Jorge continues to produce, compose and perform with numerous music, dance, and film projects including Triage, Audiograph, Black Mambo Dream, Parranda Vallenata, the Hunter College Jazz Big Band and the FolkCOLOMBIA All Stars, producing the latter’s annual FolkCOLOMBIA at the Queens Museum of Art event and winning a Grammy for producing Live Wire: Woody Guthrie in Performance 1949 (2008) in the Best Historical Album category An ethnomusicologist, Arevalo is executive director of the Alan Lomax Archive / Association for Cultural Equity in NYC.

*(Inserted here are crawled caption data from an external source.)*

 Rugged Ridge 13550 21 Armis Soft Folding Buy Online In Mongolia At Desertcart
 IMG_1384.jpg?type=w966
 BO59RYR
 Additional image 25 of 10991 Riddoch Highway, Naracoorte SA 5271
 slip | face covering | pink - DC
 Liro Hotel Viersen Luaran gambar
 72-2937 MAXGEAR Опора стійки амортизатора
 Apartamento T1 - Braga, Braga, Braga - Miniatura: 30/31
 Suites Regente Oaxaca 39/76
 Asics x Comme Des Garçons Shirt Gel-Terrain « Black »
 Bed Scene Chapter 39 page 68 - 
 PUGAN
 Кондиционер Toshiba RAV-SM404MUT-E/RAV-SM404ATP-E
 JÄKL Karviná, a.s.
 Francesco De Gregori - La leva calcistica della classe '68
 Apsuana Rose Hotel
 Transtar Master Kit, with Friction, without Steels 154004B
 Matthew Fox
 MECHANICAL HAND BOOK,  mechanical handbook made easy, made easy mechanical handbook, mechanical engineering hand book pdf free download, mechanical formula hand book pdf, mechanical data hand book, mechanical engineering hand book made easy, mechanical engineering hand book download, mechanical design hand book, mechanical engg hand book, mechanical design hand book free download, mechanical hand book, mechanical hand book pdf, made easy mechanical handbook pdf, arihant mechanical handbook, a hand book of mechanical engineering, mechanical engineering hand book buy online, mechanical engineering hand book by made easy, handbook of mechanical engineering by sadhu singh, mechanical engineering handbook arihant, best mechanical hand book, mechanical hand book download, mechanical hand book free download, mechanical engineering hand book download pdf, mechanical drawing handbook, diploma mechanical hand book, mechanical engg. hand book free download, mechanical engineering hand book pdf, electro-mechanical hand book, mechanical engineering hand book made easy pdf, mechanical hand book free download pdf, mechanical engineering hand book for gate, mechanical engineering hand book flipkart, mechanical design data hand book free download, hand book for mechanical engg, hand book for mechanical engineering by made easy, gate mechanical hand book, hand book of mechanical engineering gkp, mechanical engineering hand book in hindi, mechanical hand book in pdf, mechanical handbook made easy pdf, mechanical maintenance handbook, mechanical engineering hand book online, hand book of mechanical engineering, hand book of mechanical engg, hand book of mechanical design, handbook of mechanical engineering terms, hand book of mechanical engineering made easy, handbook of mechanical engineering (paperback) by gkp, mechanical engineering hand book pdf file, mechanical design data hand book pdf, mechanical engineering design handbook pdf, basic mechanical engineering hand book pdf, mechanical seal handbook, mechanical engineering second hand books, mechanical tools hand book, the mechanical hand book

Mick transitioned into pro sound engineering and audio electronics in 1981, mixing stage monitors on road tours with The Waitresses and Robert Gordon, mixing at venues for bands including Madonna, Aretha Franklin, and The Dead Kennedys. He later worked in corporate sound for clients such as The New York Stock Exchange, GM, Bankers Trust, and Trinity Church and then recording studios including Sony Studios, Unique Recording, and Kampo Studios among others. In 1996 he scored and wrote 5 songs in his home studio for the movie, Passion and Romance; Strange Desire (1997), shortly after starting at Howard Schwartz Recording. – https://www.imdb.com/title/tt0170627/fullcredits/?ref_=tt_ov_st_sm. He never stopped playing. Bands he has performed/recorded with over the years include Brett Smiley, Phoebe Legere (“Cajun Moon” CD), Shokei Harada (4 set CD – Japan), Antonia and the Operators (EP), Jim Sharpley and The Sharpshooters (“Northern Country” album) Paul Anthony (release pending), Val Kinzler and Validation (release pending), Krave (release pending),The Cynz, The Lee Lawless Band, Soul Cake, Jim Knable, Phil Gammage, The Bowery Boys, The Brooklyn Horns, Snake Monsters, Paintbox, Gary Knox, The Poorboys, The Hysterics, Electroflex, Hard Labour, Wendy Leeds, Social Register, The Seclusions (Isolation for Creation – album uncredited), and finally Thomas Chapin (jazz saxophonist) and Arthur Kell (bass) in high school. Theater credits include drumming for “Tyrone X” and “Werold (is…IS)”. https://www.nytimes.com/1983/10/19/arts/the-dance-werold.html.
He currently performs regularly in a number of outfits including Don BlackCat & Friends, Density, Eve Blackwater, Rick Eckerle and The Archangels, Broken Time Machine, Michelle Fury, Cheri Dahl, Marlowe B. West, and The Next.